Believe the naysayers, Ontario is doing badly under Wynne

Ontario’s Liberals say they want you to ignore the naysayers, they may as well be asking us to ignore facts when it comes to Ontario’s economy and your wallet.

In a column that ran in The Toronto Sun over the weekend, Liberal partisan and activist Omar Khan said that Ontario voters should realize how good they have it. I’m not sure which province Khan lives in, but it isn’t my Ontario.

Despite claims that Ontario’s economy is doing just fine, there are a whole range of facts, policies and data points that show things are not as Khan would have you believe.

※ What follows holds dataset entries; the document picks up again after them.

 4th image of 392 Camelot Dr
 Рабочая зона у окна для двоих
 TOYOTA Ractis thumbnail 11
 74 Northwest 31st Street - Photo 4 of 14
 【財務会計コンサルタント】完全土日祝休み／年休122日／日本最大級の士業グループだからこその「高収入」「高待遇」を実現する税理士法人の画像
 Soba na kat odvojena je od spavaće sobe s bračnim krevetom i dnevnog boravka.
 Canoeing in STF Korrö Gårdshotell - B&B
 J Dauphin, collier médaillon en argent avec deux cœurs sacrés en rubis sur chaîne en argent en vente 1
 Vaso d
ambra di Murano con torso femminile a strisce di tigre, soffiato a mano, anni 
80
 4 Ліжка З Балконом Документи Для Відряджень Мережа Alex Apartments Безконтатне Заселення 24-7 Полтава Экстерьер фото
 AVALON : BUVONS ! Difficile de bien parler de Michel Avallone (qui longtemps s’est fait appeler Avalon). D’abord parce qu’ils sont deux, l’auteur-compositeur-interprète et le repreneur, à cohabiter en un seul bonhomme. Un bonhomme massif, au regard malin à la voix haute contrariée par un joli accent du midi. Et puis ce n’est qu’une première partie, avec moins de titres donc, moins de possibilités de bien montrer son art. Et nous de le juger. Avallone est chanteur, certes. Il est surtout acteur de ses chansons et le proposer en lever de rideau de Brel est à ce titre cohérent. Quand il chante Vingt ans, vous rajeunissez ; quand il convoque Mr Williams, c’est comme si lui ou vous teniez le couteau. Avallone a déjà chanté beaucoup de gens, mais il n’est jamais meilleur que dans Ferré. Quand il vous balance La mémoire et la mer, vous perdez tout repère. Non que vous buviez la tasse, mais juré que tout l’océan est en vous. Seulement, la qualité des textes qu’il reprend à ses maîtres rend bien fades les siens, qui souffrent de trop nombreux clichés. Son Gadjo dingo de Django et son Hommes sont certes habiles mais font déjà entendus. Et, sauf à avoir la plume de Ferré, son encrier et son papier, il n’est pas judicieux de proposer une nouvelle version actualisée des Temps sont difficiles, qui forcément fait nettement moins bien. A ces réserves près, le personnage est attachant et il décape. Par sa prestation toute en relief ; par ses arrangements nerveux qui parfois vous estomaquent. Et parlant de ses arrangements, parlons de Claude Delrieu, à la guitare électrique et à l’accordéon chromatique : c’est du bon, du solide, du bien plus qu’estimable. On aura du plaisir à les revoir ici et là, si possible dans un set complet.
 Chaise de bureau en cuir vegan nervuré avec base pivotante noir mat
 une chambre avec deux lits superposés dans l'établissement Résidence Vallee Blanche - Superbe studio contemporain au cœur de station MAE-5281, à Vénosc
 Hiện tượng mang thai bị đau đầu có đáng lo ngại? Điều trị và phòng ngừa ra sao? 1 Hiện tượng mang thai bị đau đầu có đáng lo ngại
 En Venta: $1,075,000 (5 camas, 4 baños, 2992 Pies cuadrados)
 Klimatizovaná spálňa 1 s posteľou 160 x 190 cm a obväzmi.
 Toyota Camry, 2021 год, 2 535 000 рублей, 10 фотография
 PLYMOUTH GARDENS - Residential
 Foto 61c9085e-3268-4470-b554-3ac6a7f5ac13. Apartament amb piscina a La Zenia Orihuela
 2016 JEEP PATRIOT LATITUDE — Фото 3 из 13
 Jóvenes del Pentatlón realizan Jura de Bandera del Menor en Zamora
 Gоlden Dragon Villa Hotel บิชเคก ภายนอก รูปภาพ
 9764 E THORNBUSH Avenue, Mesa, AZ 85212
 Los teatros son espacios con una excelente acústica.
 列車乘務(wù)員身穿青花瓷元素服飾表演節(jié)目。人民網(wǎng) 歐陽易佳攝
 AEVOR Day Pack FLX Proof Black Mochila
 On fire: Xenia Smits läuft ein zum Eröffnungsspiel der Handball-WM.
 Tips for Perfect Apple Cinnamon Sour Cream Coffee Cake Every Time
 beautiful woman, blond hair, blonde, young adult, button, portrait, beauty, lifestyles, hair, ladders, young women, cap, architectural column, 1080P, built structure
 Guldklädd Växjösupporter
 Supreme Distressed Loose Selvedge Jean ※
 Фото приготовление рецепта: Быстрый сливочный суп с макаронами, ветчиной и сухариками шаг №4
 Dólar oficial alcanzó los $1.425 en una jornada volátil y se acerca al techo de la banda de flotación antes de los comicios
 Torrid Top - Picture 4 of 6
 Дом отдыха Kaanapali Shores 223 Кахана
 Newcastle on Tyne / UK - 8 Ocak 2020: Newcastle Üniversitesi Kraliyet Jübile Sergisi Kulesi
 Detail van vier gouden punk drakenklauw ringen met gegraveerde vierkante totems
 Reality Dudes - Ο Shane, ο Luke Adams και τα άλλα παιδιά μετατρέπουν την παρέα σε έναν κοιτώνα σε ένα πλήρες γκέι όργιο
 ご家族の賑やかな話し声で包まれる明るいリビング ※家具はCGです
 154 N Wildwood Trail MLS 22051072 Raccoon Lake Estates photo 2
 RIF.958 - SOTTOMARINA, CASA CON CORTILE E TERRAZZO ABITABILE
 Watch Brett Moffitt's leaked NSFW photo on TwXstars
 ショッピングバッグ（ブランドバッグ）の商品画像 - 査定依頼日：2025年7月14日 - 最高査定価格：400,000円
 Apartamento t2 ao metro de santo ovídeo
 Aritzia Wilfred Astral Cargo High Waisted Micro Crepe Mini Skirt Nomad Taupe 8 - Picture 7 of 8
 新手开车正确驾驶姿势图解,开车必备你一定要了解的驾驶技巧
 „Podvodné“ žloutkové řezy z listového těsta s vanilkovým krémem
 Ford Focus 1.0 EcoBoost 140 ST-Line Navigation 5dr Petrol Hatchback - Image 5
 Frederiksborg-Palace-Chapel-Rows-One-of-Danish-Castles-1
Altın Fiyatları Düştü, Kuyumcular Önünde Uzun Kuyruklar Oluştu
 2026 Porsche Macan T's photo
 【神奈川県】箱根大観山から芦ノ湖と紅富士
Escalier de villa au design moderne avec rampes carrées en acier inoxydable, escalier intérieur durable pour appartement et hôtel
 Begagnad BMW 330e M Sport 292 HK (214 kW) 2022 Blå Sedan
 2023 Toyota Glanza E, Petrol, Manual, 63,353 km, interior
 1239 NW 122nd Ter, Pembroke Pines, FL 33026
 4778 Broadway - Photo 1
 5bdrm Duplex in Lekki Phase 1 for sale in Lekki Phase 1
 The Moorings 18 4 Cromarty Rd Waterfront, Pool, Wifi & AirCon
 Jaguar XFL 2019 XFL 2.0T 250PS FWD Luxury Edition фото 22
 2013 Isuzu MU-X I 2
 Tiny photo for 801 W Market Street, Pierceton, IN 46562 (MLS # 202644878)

Did you know that Ontario lost 26,300 full-time jobs last month? That fact was widely overlooked as most media outlets cheered Canada’s ninth straight month of job growth, a job growth driven by part-time rather than full-time employment.

The only reason Ontario’s unemployment rate fell last month was the addition of 57,500 part-time jobs to counter those full-time losses. But the Liberals say jobs are plentiful in Ontario,  Khan even points to the “Jobs and Prosperity Fund” as a shining example of what the Wynne Liberals have done.

“Since its creation, this fund has doled out over $620 million to 25 private sector projects, leveraging $7.1 billion worth of new investments and creating 35,000 jobs,” Khan wrote.

That’s great, but what happens when the subsidy for those jobs runs out? When you are giving companies an average of $17,000 a job to expand here, creating jobs is easy but those subsidies can’t go on forever.

Nor can government job subsidies replace all of the plants shutting down across Ontario from Proctor and Gamble in Brockville, General Electric in Peterborough, Cambridge Towels in Cambridge or Maple Leaf Foods in Thamesford.

The latest numbers from Stats Canada show 135,400 people in Ontario were receiving Employment Insurance payments in July – the last month we have numbers for – up from 129,460 in July 2016.

Areas seeing large spike in EI payments were Windsor, Oshawa, London and Peterborough. All the types of towns that used to fare well on good paying manufacturing jobs. Of course, under the Liberals hundreds of thousands of those jobs have disappeared. Don’t take my word for it, the very Liberal friendly Mowat Centre released a report a few years back that showed more than 300,000 manufacturing jobs had fled the province under the Liberals.

It’s not just on the job front that is showing weakness, the July report on manufacturing in Canada showed the biggest decrease since the recession.

“Sales in Ontario decreased 6.1% to $24.1 billion in July, the largest decrease since January 2009. The decrease in July was attributable to motor vehicles (-20.8%) and motor vehicle parts (-11.5%),” read the report.

That drop followed a smaller but still significant drop in June.

Stats Canada has also shown that Ontario’s income growth was the weakest in the country from 2005-2015, a period where the Liberals were fully in control of the province.

So while to Mr. Khan and his Liberal friends, things might look rosy for the province, the average Ontarian sees things differently.

Factories have and are closing, jobs are fleeing and wages are lagging the rest of the country.

What isn’t lagging the rest of the country is the increasing cost of living in this province as electricity prices have risen out of all proportion to the ability of families to pay, all thanks to the misguided policies of the Liberals.

And that too has cost jobs.

Khan and the Liberals can point to GDP numbers all they want, the average Ontarian knows that full-time jobs, with good pay are harder to come by and life is more expensive in Ontario all thanks to the policies that he and his party keep pushing.